1872, vor 150 Jahren, eröffnete Ferdinand Demetz am jetzigen Standort unserer Schule eine „staatlich subventionierte Lehrwerkstätte für Holzschnitzer“. Das moderne Schulgebäude hatte Demetz aus eigenen Mitteln auf seinem Privatgrundstück errichtet. In den geräumigen Klassenzimmern bzw. Werkstätten des Hauses erhielten jeweils bis zu 25 Schüler einen sehr praxisorientierten Unterricht. Unter der Aufsicht von Professor Demetz, der einige Jahre zuvor eine Ausbildung an der Akademie in Wien abgeschlossen hatte, wurde gezeichnet, modelliert und geschnitzt. Zumeist konnten dann nach drei bis vier Jahren tüchtige Bildhauer aus der Lehre entlassen werden. Der Gadertaler Franz Tavella und die Grödner Ludwig Moroder-Lenert und Rudolf Moroder zählen wohl zu den namhaftesten. Für sein Engagement erhielt Demetz auch Unterstützung aus Wien: Neben einem Honorar für seine Lehrtätigkeit zahlte die Regierung auch einen Mietzins sowie einen Beitrag für Licht, Heizung und Materialien. Demetz‘ Idee war erfolgreich: Seine Schule, die von den Einheimischen schon bald „Cademia“ genannt wurde, vermochte es dem Grödner Kunsthandwerk einen wichtigen Impuls zu geben. Nachdem die Spielzeugproduktion in den vorangegangenen Jahrzehnten mit einem Nachfragerückgang zu kämpfen gehabt hatte, sorgte die sakrale Bildhauerei (die Produktion von Heiligenstatuten und kirchlichen Einrichtungsgegenständen) für zahlreiche neue Beschäftigungsmöglichkeiten bzw. für bessere Einkommensmöglichkeiten.

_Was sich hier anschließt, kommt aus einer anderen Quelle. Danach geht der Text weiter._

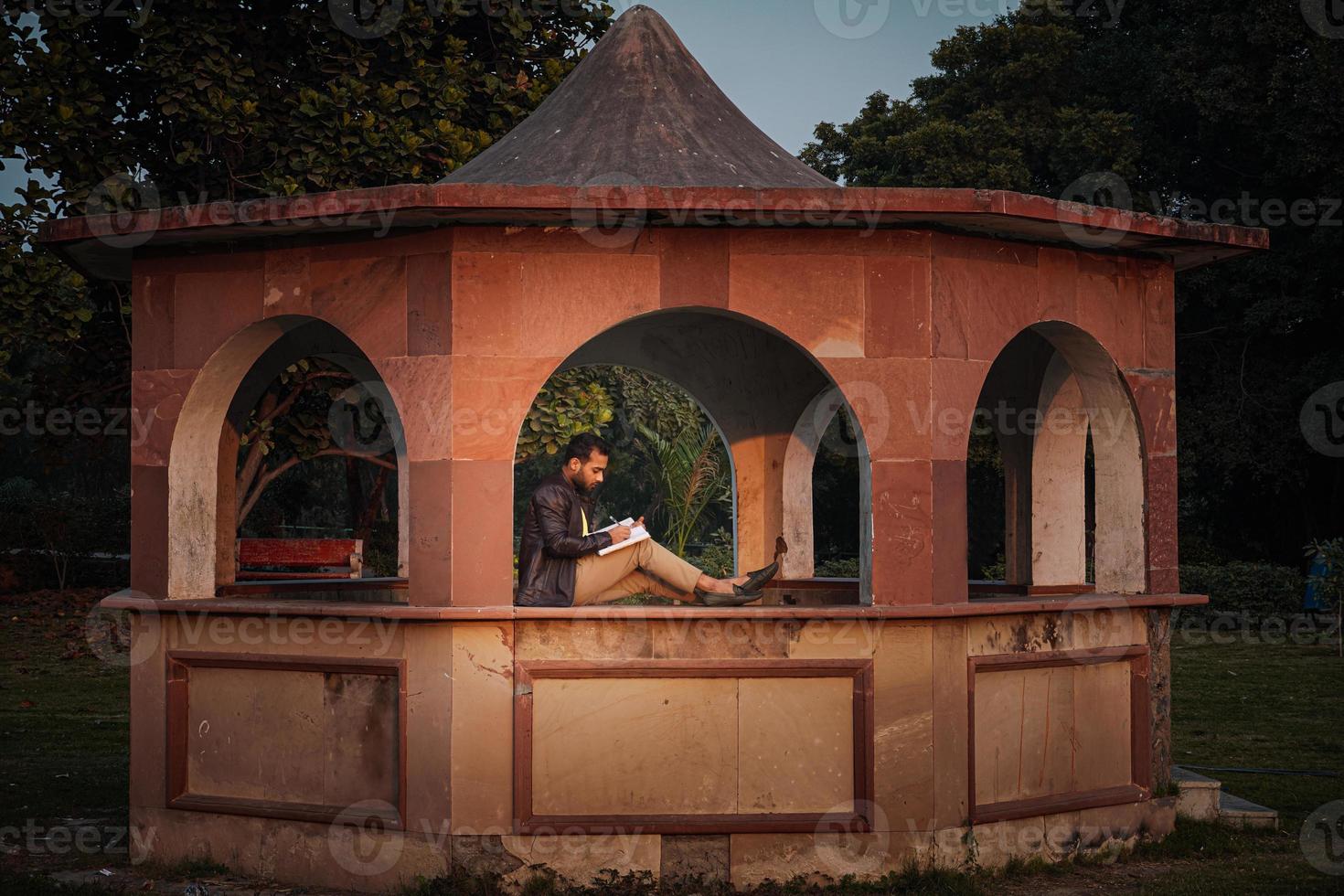 seul garçon étudiant dans le parc le matin photo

Allerdings kam es 1883, elf Jahre nach ihrer Eröffnung, zur Schließung der Schule oder besser: Die staatliche Subventionierung wurde gestrichen und aus der „staatlichen subventionierten Lehrwerkstätte“ wurde eine private Werkstatt, eine wie es sie im florierenden St. Ulrich der Jahrhundertwende viele gab. Über den Grund für die plötzliche Streichung der öffentlichen Bezuschussung kann man nur spekulieren. Vielleicht lag es daran, dass im selben Jahr eine Fachschule für Holzbearbeitung in Bozen eröffnet wurde; vielleicht lag es aber auch an so mancher bösen Stimme im Tal selbst. Man munkelte, Demetz würde seine Schüler für sich selber arbeiten lassen und aus dem Verkauf der Arbeiten seiner Schüler Profit schlagen. Tatsächlich war es so, dass ein Teil der Mittel zur Schulfinanzierung aus dem Verkauf von Schülerarbeiten herrührte. Doch war der Unterricht dafür auch kostenlos, Schulgeld musste keines entrichtet werden.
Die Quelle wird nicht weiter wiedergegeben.